Welcome to the Emoji Table Viewer
This guide explains how Unicode works and how to read the emoji data in this table. Understanding these concepts will help you explore the fascinating technical side of emojis!
What is Unicode?
Unicode is like a giant dictionary that assigns a unique number to every character, symbol, and emoji in the world. This ensures that a 😀 emoji looks the same whether you're texting on an iPhone in Tokyo or browsing the web on a computer in New York.
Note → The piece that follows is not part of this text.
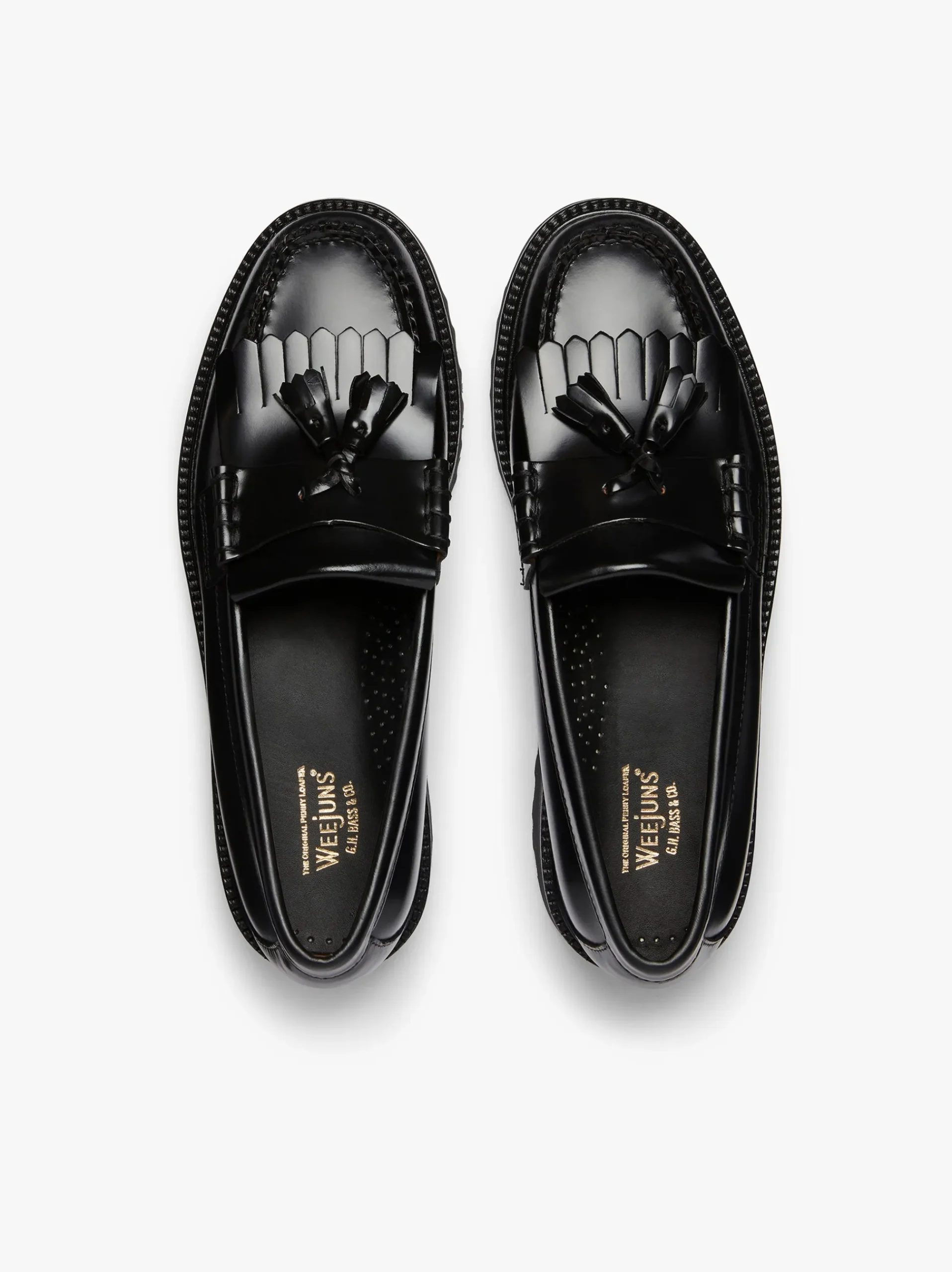 New G.H.BASS Weejuns 90s Layton II Kiltie Loafers Leather Black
Before Unicode, different computer systems used different character sets, which often led to garbled text when sharing files between systems.
Code Points Explained
Every Unicode character has a code point - its unique identification number written in the format U+XXXX. The "U+" means "Unicode" and the numbers/letters after it are the character's ID in hexadecimal.
Examples:
- 😀 =
U+1F600 (grinning face)
- ❤️ =
U+2764 (red heart)
- 🎉 =
U+1F389 (party popper)
UTF-8 Encoding
Computers can't directly store Unicode code points - they need to convert them into bytes (the computer's language). UTF-8 is the most popular way to do this conversion.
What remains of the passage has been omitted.